RECORDS SHOWN ▸

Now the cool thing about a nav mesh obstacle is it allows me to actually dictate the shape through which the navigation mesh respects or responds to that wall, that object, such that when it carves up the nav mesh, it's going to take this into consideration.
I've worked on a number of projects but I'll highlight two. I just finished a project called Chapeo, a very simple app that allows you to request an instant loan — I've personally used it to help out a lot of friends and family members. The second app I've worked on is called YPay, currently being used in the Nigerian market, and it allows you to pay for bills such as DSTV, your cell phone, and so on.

* * *

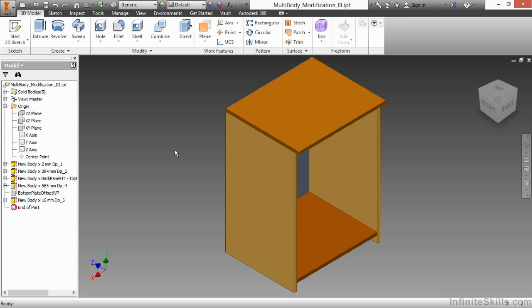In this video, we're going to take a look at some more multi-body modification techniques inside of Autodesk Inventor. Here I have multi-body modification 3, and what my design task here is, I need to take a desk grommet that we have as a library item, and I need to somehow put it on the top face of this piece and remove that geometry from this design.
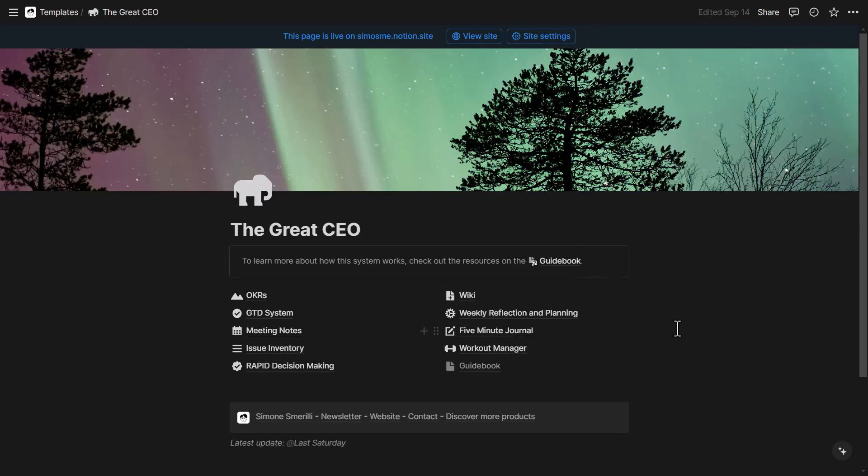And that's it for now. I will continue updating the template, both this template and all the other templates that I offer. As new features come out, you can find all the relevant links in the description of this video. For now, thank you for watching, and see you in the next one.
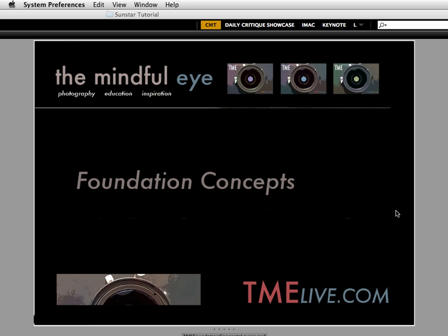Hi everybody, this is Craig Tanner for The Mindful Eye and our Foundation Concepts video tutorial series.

---

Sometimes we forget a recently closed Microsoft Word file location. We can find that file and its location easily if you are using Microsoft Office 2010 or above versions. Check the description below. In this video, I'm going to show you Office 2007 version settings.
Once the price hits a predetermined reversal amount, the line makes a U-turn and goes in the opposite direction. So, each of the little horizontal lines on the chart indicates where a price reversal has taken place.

WORK TO BE COMPLETED ▸
Find the word "such" in the entries, then copy out every line that has it.

EXERCISE RESULT ▸
Now the cool thing about a nav mesh obstacle is it allows me to actually dictate the shape through which the navigation mesh respects or responds to that wall, that object, such that when it carves up the nav mesh, it's going to take this into consideration.
I've worked on a number of projects but I'll highlight two. I just finished a project called Chapeo, a very simple app that allows you to request an instant loan — I've personally used it to help out a lot of friends and family members. The second app I've worked on is called YPay, currently being used in the Nigerian market, and it allows you to pay for bills such as DSTV, your cell phone, and so on.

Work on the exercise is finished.